11. This is a classic example of Sid Greene inks — this time over Frank Springer’s pencils as Batman gets ready to give the Riddler a Bat-Knuckle Sandwich! Look at the Riddler’s face and hair — perfect! Pencils by Frank Springer. From “The Riddler’s Puzzle Problem!” in Detective Comics #377 (July 1968).

12. When the Comics Code Authority won’t let you depict the use of drugs in a story, you have to get creative! Robin gets “hooked” on the aroma from these flowers and starts to hallucinate! How many kids tried to track this plant down at their local florist? Pencils by Sheldon Moldoff. From “Robin’s Unassisted Triple Play!” in Batman #172 (June 1965).
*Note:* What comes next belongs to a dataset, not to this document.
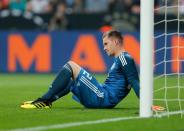 <p>Marc-Andre ter Stegen is part of the Germany squad valued at €895m. </p>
13. Technically two panels here but I love the layout! Sid does what he can with the first panel but you can’t beat Batman doing a slide and kick on a green shag carpet! I hope he didn’t get rug burn! Pencils by Chic Stone. From Detective Comics #375 (May, 1968).


— 13 COVERS: A CARMINE INFANTINO Birthday Celebration. Click here.

— 13 COVERS: A MURPHY ANDERSON Birthday Celebration. Click here.

Credits courtesy of The Grand Comics Database.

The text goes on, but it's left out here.